A HYbrid4 version of the company’s RCZ sports coupe is all but certain.

For years European automakers, who are the acknowledged masters of turbo-diesel technology, have quietly stewed as Asian companies reaped the green-image benefits of hybrid technology.


On a cost and emissions basis, German automakers argued, turbo-diesel engines are more efficient. One reason is that diesel fuel itself has a higher energy content than gasoline.

Still, hybrids offer some advantages. They recover kinetic energy as they brake or coast and use it to charge the batteries. They also save fuel by shutting down the internal-combustion engine when the vehicle comes to a stop. And they can move on electric power alone at low speeds, where internal combustion engines are less efficient.

So why not combine the best of both technologies?

Cost, mostly.


“Normal turbo-diesels are already so powerful and efficient [on the order of 30% more efficient than gasoline engines] that it was a challenge to improve on that and very expensive,” said Volker Mornhinweg, the head of Mercedes-Benz’s high-performance AMG division.
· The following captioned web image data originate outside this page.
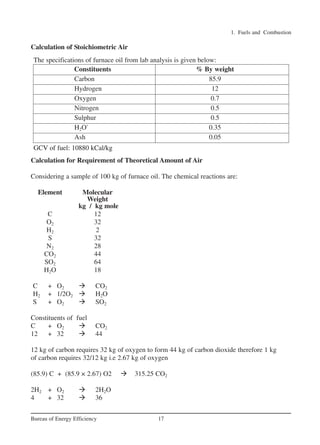 1. Fuels and Combustion
17
Bureau of Energy Efficiency
Constituents % By weight
Carbon 85.9
Hydrogen 12
Oxygen 0.7
Nitrogen 0.5
Sulphur 0.5
H2O` 0.35
Ash 0.05
GCV of fuel: 10880 kCal/kg
GCV of fuel: 10880 kCal/kg
The specifications of furnace oil from lab analysis is given below:
Calculation of Stoichiometric Air
Calculation for Requirement of Theoretical Amount of Air
Considering a sample of 100 kg of furnace oil. The chemical reactions are:
Element Molecular
Weight
kg / kg mole
C 12
O2 32
H2 2
S 32
N2 28
CO2 44
SO2 64
H2O 18
C + O2  CO2
H2 + 1/2O2  H2O
S + O2  SO2
Constituents of fuel
C + O2  CO2
12 + 32  44
12 kg of carbon requires 32 kg of oxygen to form 44 kg of carbon dioxide therefore 1 kg
of carbon requires 32/12 kg i.e 2.67 kg of oxygen
(85.9) C + (85.9 × 2.67) O2  315.25 CO2
2H2 + O2  2H2O
4 + 32  36
Ch-01.qxd 2/23/2005 11:18 AM Page 17
 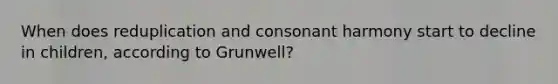 When does reduplication and consonant harmony start to decline in children, according to Grunwell?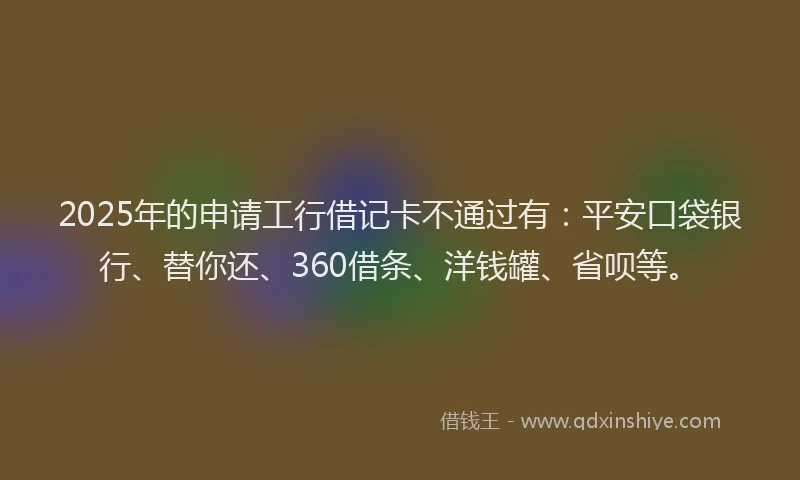 2025年的申请工行借记卡不通过有：平安口袋银行、替你还、360借条、洋钱罐、省呗等。
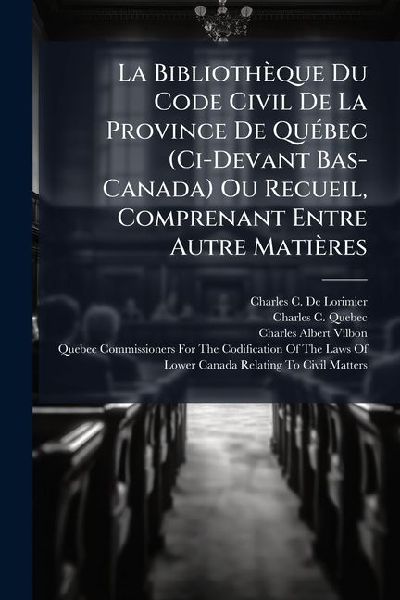 La Bibliothèque Du Code Civil De La Province De QuÃ(c)bec (Ci-Devant Bas-Canada) Ou Recueil, Comprenant Entre Autre Matières
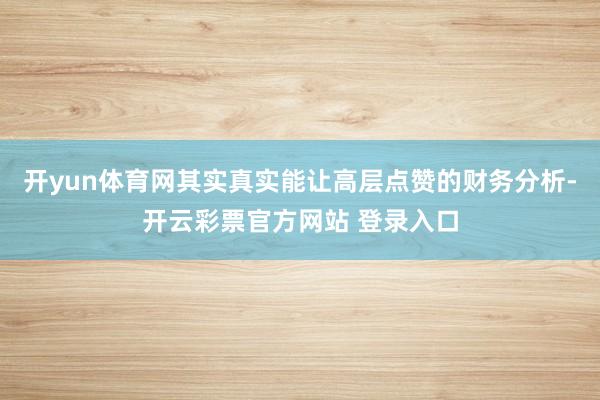 开yun体育网其实真实能让高层点赞的财务分析-开云彩票官方网站 登录入口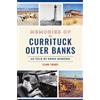 Clark Twiddy Memories of the Currituck Outer Banks (Tascabile)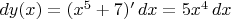 $dy(x)=(x^5+7)'\,dx=5x^4\,dx$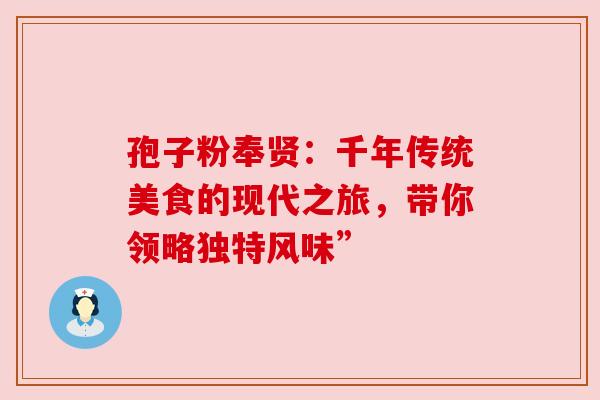 孢子粉奉贤：千年传统美食的现代之旅，带你领略独特风味”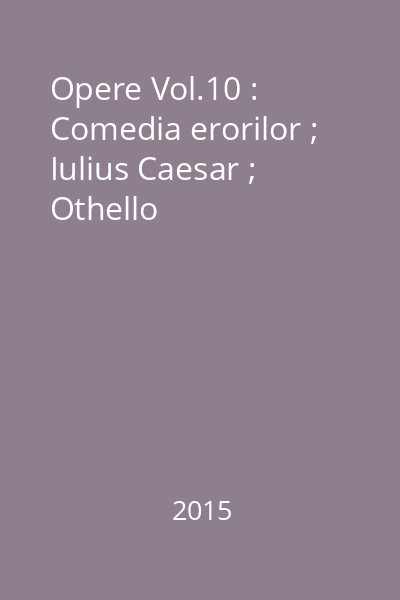 Opere Vol.10 : Comedia erorilor ; Iulius Caesar ; Othello
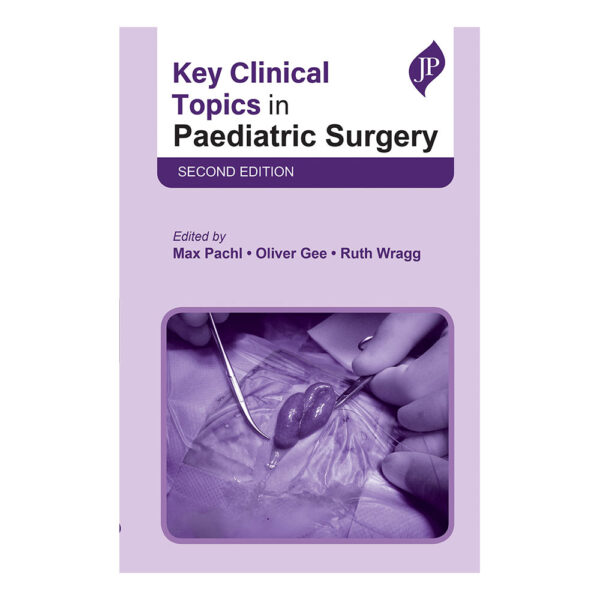 Key Clinical Topics in Paediatric Surgery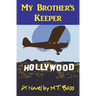 My Brother's Keeper (A. Gavin Byrd Series #1): A Murder in the Family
Then there’s the inherent incompatibility of diesels and electric power sources. Both produce torque at low revolutions per minute. Gasoline engines, in contrast, product most of their torque at higher speeds. So in a gasoline hybrid, the engine torque ramps up just as the electric motor torque is falling off. That creates a seamless yin and yang, a complementary blending of mechanical forces that’s missing in the diesel-electric union.
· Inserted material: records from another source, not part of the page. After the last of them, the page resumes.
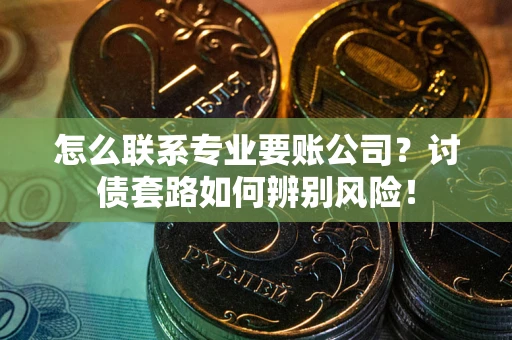 济南怎么联系专业要账公司？讨债套路如何辨别风险！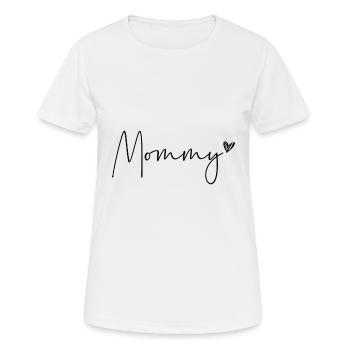 Mommy - Frauen T-Shirt atmungsaktiv - Weiß - Vorne - AI Model Female 172 dark (172cm)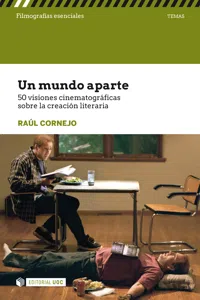 Un mundo aparte. 50 visiones cinematográficas sobre la creación literaria_cover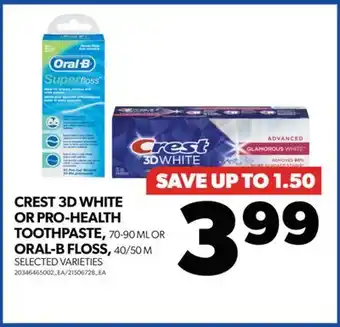 Real Canadian Superstore Crest 3d white or pro-health toothpaste, 70-90 ml or oral-b floss, 40/50 m offer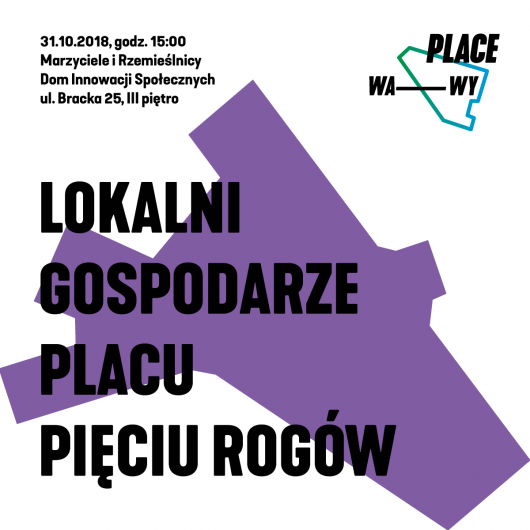 „Lokalni Gospodarze Placu Pięciu Rogów”, Dom Innowacji Społecznych, Warszawa (źródło: materiały prasowe organizatorów)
But thanks to some advances in the field, including software necessary to smoothly integrate diesel and electric power, the hybrid diesel equation has become more promising. It’s still difficult. And expensive. But the eye-popping gas mileage of this marriage is what keeps the Europeans pushing.

“It’s better in terms of total fuel efficiency to make a diesel hybrid,” said Christophe Chateau, technology spokesman for French automaking giant Peugeot.
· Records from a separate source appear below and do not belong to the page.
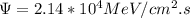 \Psi = 2.14*10^4 MeV/cm^2.s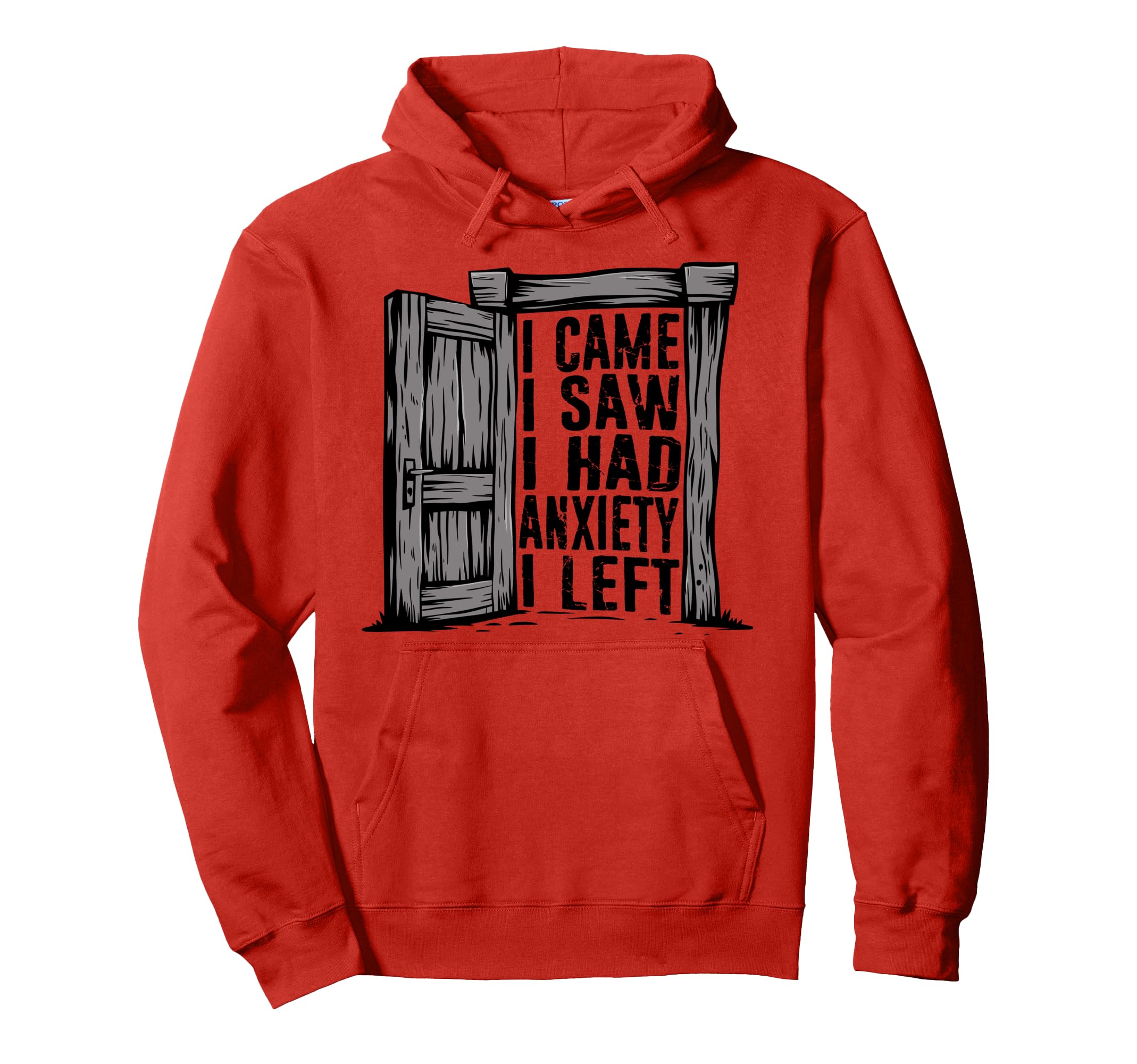 I Came I Saw I Had Anxiety I Left Hoodie - Unique Graphic Unisex - T-Shirt, Sweatshirt, Hoodie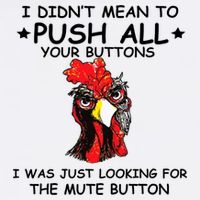 I Didn't Mean To Push All Your Buttons | Chicken Lovers Trucker Hat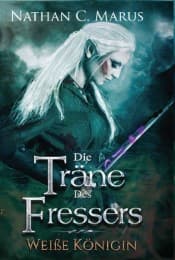 Cover von Die Träne des Fressers - Weiße Königin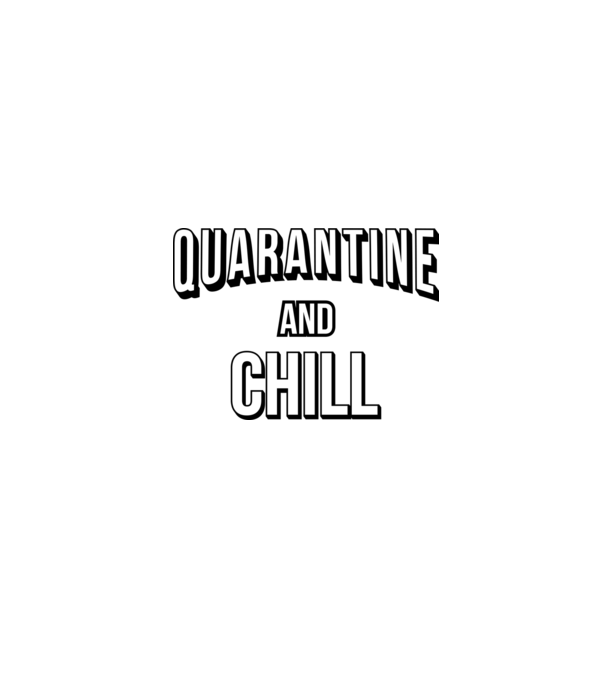 Quarantine and Chill model roșu pe tricou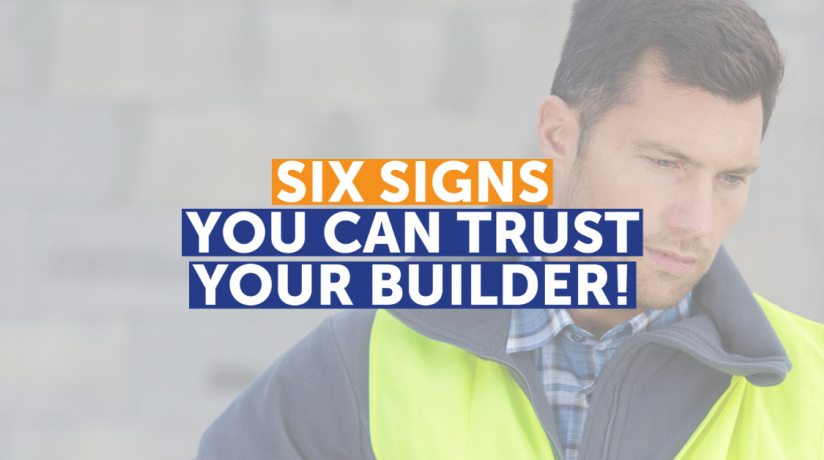 Six signs you can trust your builder!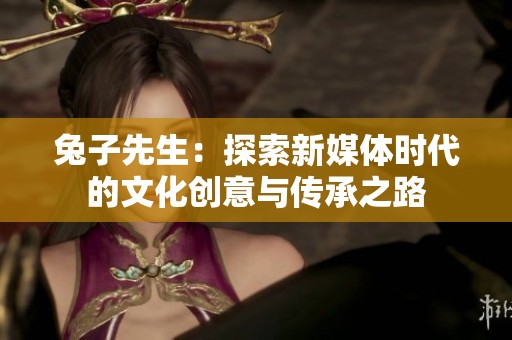 兔子先生：探索新媒体时代的文化创意与传承之路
It can also be better marketing. Chateau pointed out that because Peugeot’s hybrid system situates electric motors on the rear axle (like some Lexus gas hybrids) the cars are in effect all-wheel drive. Buyers who might not pay the extra price for an electro-diesel might be willing to pay a premium for AWD.

“We will get much more sales for this big amount,” Chateau said.

Peugeot and other manufacturers see battery-electric powertrains as the most likely technology for small urban cars of the future. Because of the cost factor, electro-turbo-diesel will probably remain an up-market option. “We will not find this combination in too low-cost cars,” BMW’s Koehn said.

But there’s an unknown out there: the increasing cost to rein in diesel emissions. In Europe, diesel cars command about 60% of the market; however, Europe has less-strict rules regarding diesel emissions of particulates and nitrous oxides.


“If the [European Union] moves to the emissions standards of the U.S.,” said Koehn, “diesel will become more expensive and the relative cost-benefit of hybrid and diesels will change.”

As Europe and the U.S. get closer in emissions regulations, the cost to homologate (legally certify) cars for both markets will drop. So one day, the hybrid that blows your doors off might itself have transparent doors.